Au treizième siècle la domination de l’Occident prétendait s’approprier ces pays directement et les gouverner en son propre nom; maintenant faute de mieux on cherchera à y provoquer, à y favoriser l’établissement de petites nationalités bâtardes, de petites existences politiques, soi-disant indépendantes, vains simulacres bien mensongers, bien hypocrites, bons, tout au plus, à masquer la réalité, et cette réalité ce serait maintenant comme alors: la domination de l’Occident.
Ce qui vient d’être tenté en Grèce est une grande révélation et devrait servir d’enseignement à tout le monde. Il est vrai que jusqu’à présent la tentative ne paraît guère avoir profité à ceux qui en ont été les instigateurs. L’arme a répercuté contre la main qui s’en est servie.
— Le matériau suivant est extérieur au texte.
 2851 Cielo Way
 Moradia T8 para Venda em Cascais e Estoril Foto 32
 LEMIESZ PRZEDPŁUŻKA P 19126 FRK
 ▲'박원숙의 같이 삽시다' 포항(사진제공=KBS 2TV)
Et cette révolution qui après avoir annulé un pouvoir d’origine étrangère paraît avoir restitué l’initiative à des influences plus nationales, pourrait fort bien en définitive aboutir à resserrer le lien qui rattache ce petit pays au grand tout, dont il n’est qu’une fraction.
Il faut se dire d’ailleurs que tout ce qui se passe ou se passerait en Grèce ne sera jamais qu’un épisode, un détail de la grande lutte entre l’Occident et nous. Ce n’est pas là-bas, aux extrémités que l’immense question sera décidée. C’est ici, parmi nous, au centre, au cœur même de ce monde de l’Orient Chrétien, de l’Orient Européen que nous représentons, de ce monde qui est nous-même. Ses destinées définitives qui sont aussi les nôtres, ne dépendent que de nous; elles dépendent avant tout du sentiment plus ou moins énergique qui nous lie, qui nous identifie l’un à l’autre.
Répétons-le donc et ne nous lassons pas de le redire: l’Eglise d’Orient est l’Empire orthodoxe, l’Eglise d’Orient héritière légitime de l’Eglise universelle, l’Empire orthodoxe identique dans son principe, étroitement solidaire dans toutes ses parties. Est-ce là ce que nous sommes? ce que nous voulons être? Est-ce là ce que l’on prétend nous contester?